Traceback (most recent call last): File "/home/bioinfo/bin/anaconda3/envs/DRAM/bin/DRAM-setup.py", line 186, in args.func(**args_dict) File "/home/bioinfo/bin/anaconda3/envs/DRAM/lib/python3.10/site-packages/mag_annotator/database_processing.py", line 615, in prepare_databases processed_locs = process_functions[i](locs[i], output_dir, LOGGER, File "/home/bioinfo/bin/anaconda3/envs/DRAM/lib/python3.10/site-packages/mag_annotator/database_processing.py", line 377, in process_vogdb run_process(['hmmpress', '-f', vog_hmms], logger, verbose=verbose) File "/home/bioinfo/bin/anaconda3/envs/DRAM/lib/python3.10/site-packages/mag_annotator/utils.py", line 71, in run_process raise subprocess.SubprocessError(f"The subcommand {' '.join(command)} experienced an error, see the log for more info.") subprocess.SubprocessError: The subcommand hmmpress -f DRAM_data/vog_latest_hmms.txt experienced an error, see the log for more info.

Susanl99 commented 1 month ago

I am facing the same problem! Is anybody know what's wrong with it?

quliping commented 4 weeks ago

2024-05-24 23:31:45,375 - The subcommand ['hmmpress', '-f', 'DRAM_data/vog_latest_hmms.txt'] experienced an error: Error: File format problem in trying to open HMM file DRAM_data/vog_latest_hmms.txt. File exists, but appears to be empty?

Traceback (most recent call last): File "/home/bioinfo/bin/anaconda3/envs/DRAM/bin/DRAM-setup.py", line 186, in args.func(**args_dict) File "/home/bioinfo/bin/anaconda3/envs/DRAM/lib/python3.10/site-packages/mag_annotator/database_processing.py", line 615, in prepare_databases processed_locs = process_functions[i](locs[i], output_dir, LOGGER, File "/home/bioinfo/bin/anaconda3/envs/DRAM/lib/python3.10/site-packages/mag_annotator/database_processing.py", line 377, in process_vogdb run_process(['hmmpress', '-f', vog_hmms], logger, verbose=verbose) File "/home/bioinfo/bin/anaconda3/envs/DRAM/lib/python3.10/site-packages/mag_annotator/utils.py", line 71, in run_process raise subprocess.SubprocessError(f"The subcommand {' '.join(command)} experienced an error, see the log for more info.") subprocess.SubprocessError: The subcommand hmmpress -f DRAM_data/vog_latest_hmms.txt experienced an error, see the log for more info.

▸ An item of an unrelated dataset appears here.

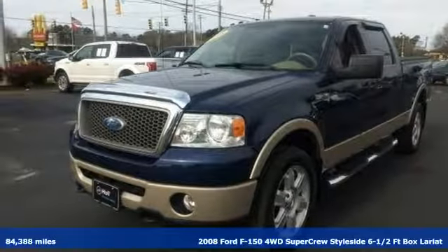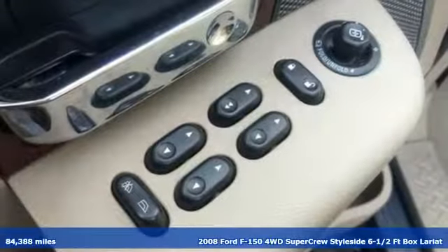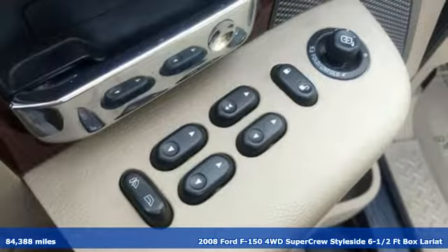Here's a 2008 Ford F-150. This truck was built to tough it out and tested to make sure it's up to every challenge.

Hi, I also got the same error. I browse the scripts of DRAM, and I found the problem in the file 'database_processing.py', which is needed by the 'DRAM-setup.py'. As shown in the following figure, a bug exists in the function 'processvogdb'. Originally, DRAM want to decompress the 'vog.hmm.tar.gz' and cat all vog*.hmm files to a text file 'vog{version}_hmms.txt' ('version' is 'latest' in my process), then run command hmmpress', '-f', vog_hmms (among which 'vog_hmms' here represents the text file containing all hmms). However, please notice the lines merge_files(glob(path.join(hmm_dir, 'VOG*.hmm')), vog_hmms) and hmm_dir = path.join(output_dir, 'vogdb_hmms'), which means the path of the hmm files should be 'outputdir/VOG00001.hmm', 'outputdir/VOG00002.hmm'... Because the hmm files were compress as a 'tar.gz' file directly in the old versions of VOG database. However, since an unknown version of VOG database, the database staff first put all hmm files in the folder 'hmm' then compress as the 'tar.gz' file (please see the second picture). Therefore, the path for the hmm files of recent VOG database versions should be 'outputdir/hmm/VOG00001.hmm', 'outputdir/hmm/VOG00002.hmm'... DRAM could not found the hmm files therefore report the error. image image

This problem could be easily solved by change the scripts locally: 1, if you use the recent versions of VOG database, just change merge_files(glob(path.join(hmm_dir, 'VOG*.hmm')), vog_hmms) to merge_files(glob(path.join(hmm_dir, 'hmm', 'VOG*.hmm')), vog_hmms); 2, if you are not sure for the VOG version, you can add a judgmental logic as this: image

PLEASE NOTE, I am not the developer, so I cannot guarantee that this modification will be successful, nor can I submit the new version of the software on GitHub for you to install directly. You can only modify the script on your own.

By the way, the problem file is located in '/public/apps/anaconda/envs/DRAM1.5.0/lib/python3.10/site-packages/mag_annotator' in my computer. '/public/apps/anaconda/envs/DRAM1.5.0' is the conda environment of DRAM and you can change to your own path.